__Exercise instructions__
What you return should be the lines from the one with "HAHN AUTOMOBILE DEALER" through the one with "Heny Preutz Ikea" in the data below, reproduced exactly with both ends, and no pictures at all.

__Study material__
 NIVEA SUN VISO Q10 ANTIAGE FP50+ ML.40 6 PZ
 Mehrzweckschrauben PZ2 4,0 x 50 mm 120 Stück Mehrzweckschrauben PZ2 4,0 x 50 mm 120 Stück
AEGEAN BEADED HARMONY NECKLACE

* * *

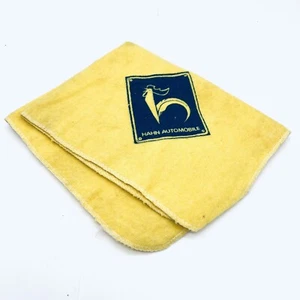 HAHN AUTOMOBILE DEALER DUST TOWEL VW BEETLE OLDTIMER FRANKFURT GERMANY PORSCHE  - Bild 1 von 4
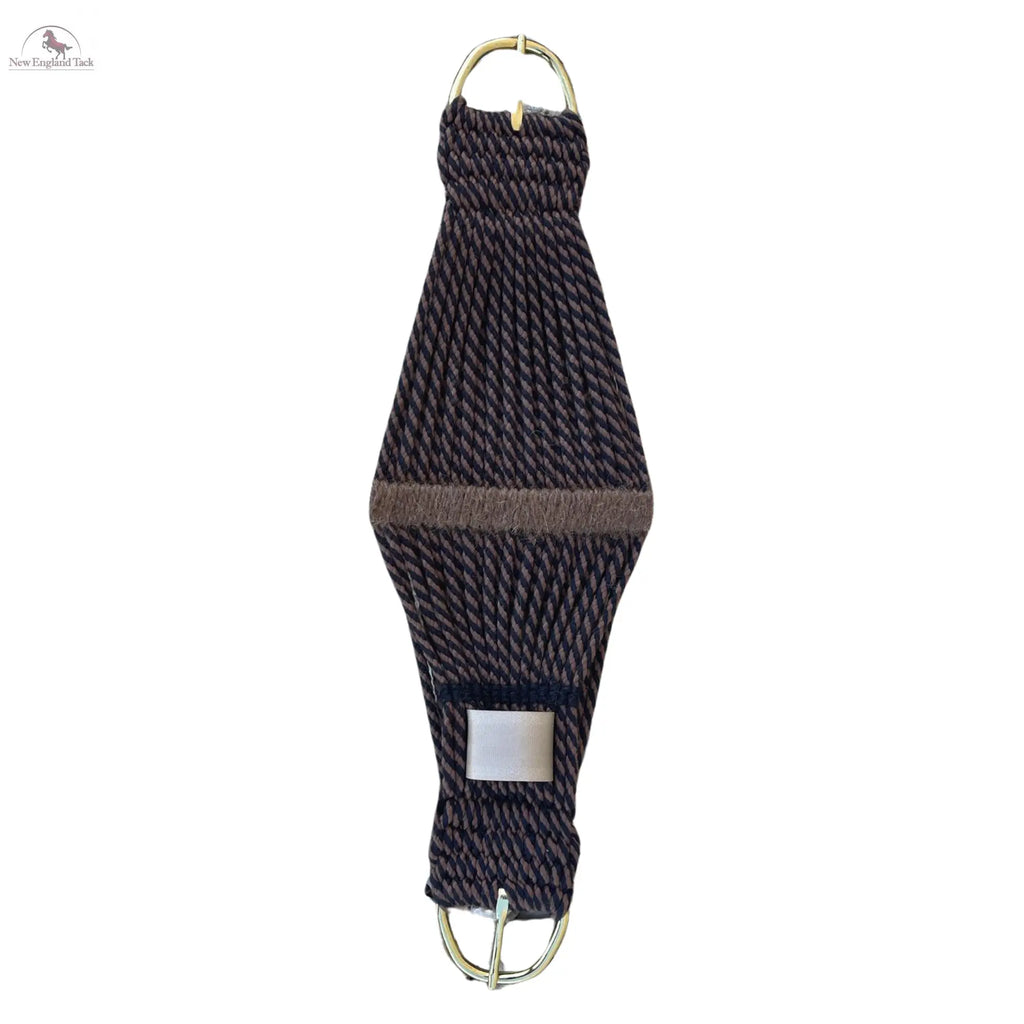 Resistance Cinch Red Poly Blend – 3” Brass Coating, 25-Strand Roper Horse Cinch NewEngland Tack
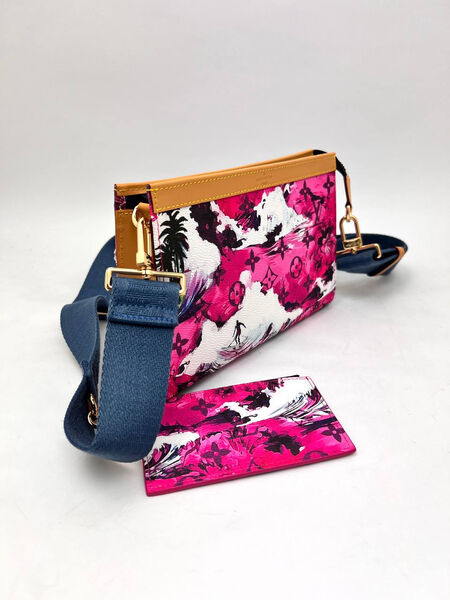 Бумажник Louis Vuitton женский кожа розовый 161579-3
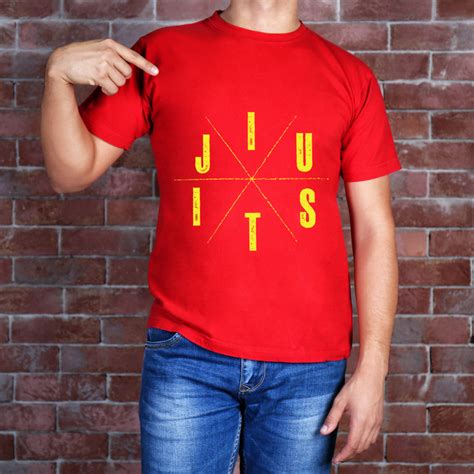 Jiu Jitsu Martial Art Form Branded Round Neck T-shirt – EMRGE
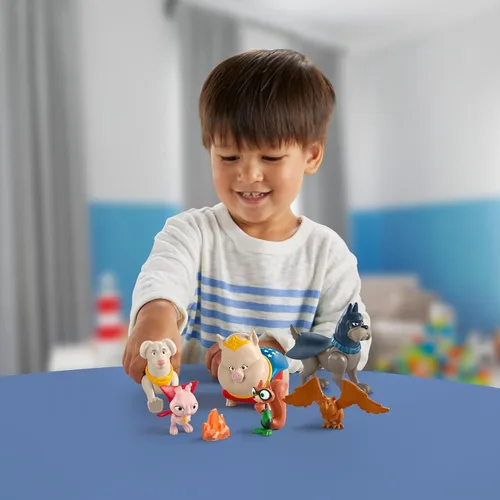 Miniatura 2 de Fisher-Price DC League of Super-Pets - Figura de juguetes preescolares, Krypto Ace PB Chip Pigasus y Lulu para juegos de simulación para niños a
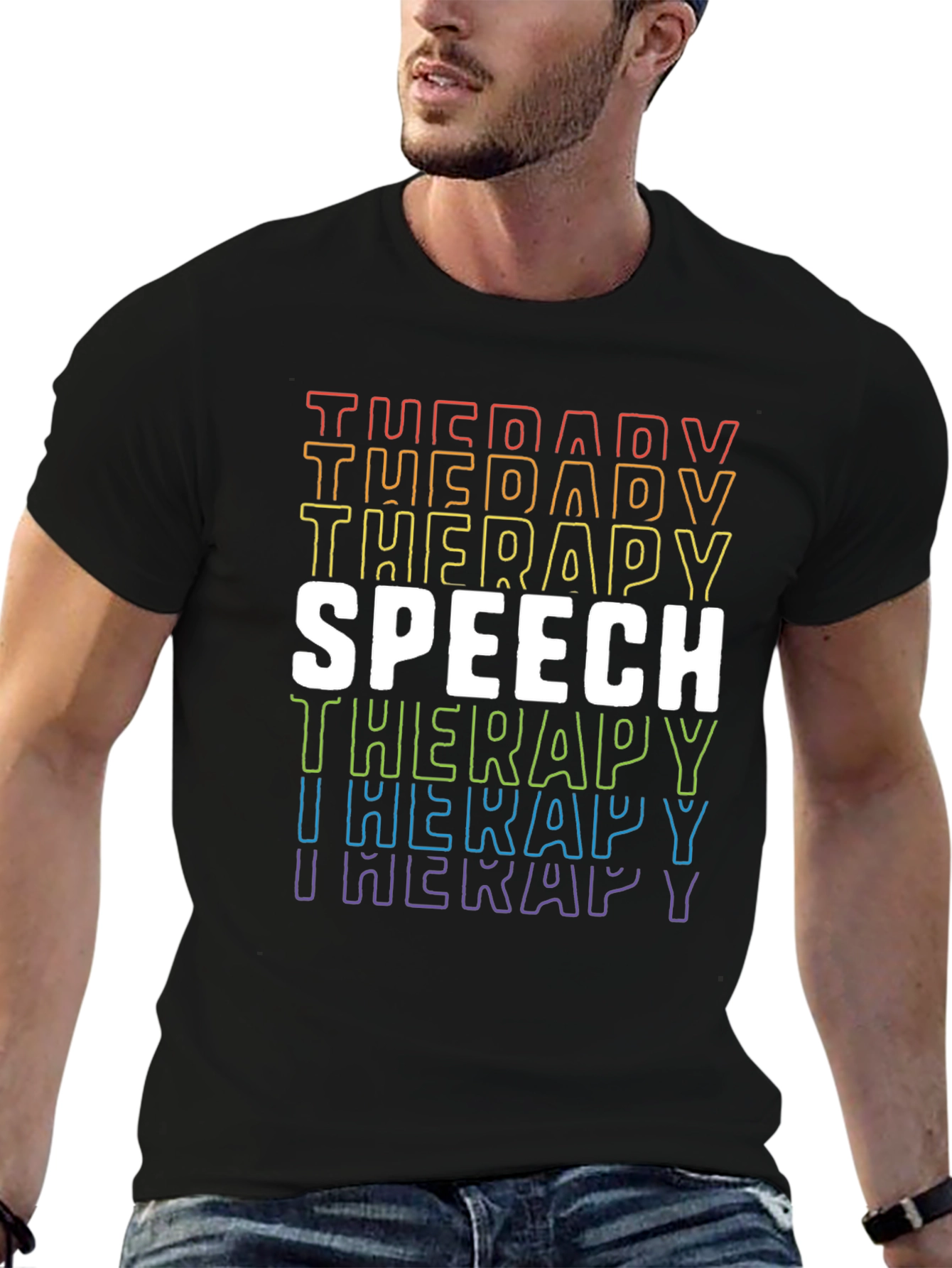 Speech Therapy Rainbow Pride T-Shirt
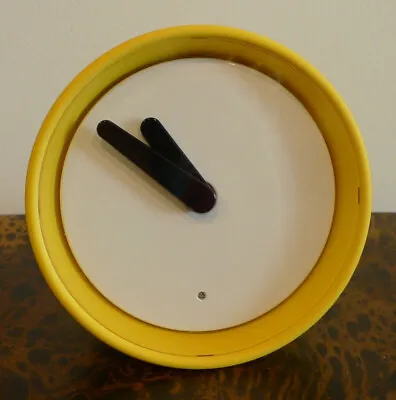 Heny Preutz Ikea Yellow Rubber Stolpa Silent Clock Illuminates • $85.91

__Output for this exercise__
 HAHN AUTOMOBILE DEALER DUST TOWEL VW BEETLE OLDTIMER FRANKFURT GERMANY PORSCHE  - Bild 1 von 4
 Resistance Cinch Red Poly Blend – 3” Brass Coating, 25-Strand Roper Horse Cinch NewEngland Tack
 Бумажник Louis Vuitton женский кожа розовый 161579-3
 Jiu Jitsu Martial Art Form Branded Round Neck T-shirt – EMRGE
 Miniatura 2 de Fisher-Price DC League of Super-Pets - Figura de juguetes preescolares, Krypto Ace PB Chip Pigasus y Lulu para juegos de simulación para niños a
 Speech Therapy Rainbow Pride T-Shirt
 Heny Preutz Ikea Yellow Rubber Stolpa Silent Clock Illuminates • $85.91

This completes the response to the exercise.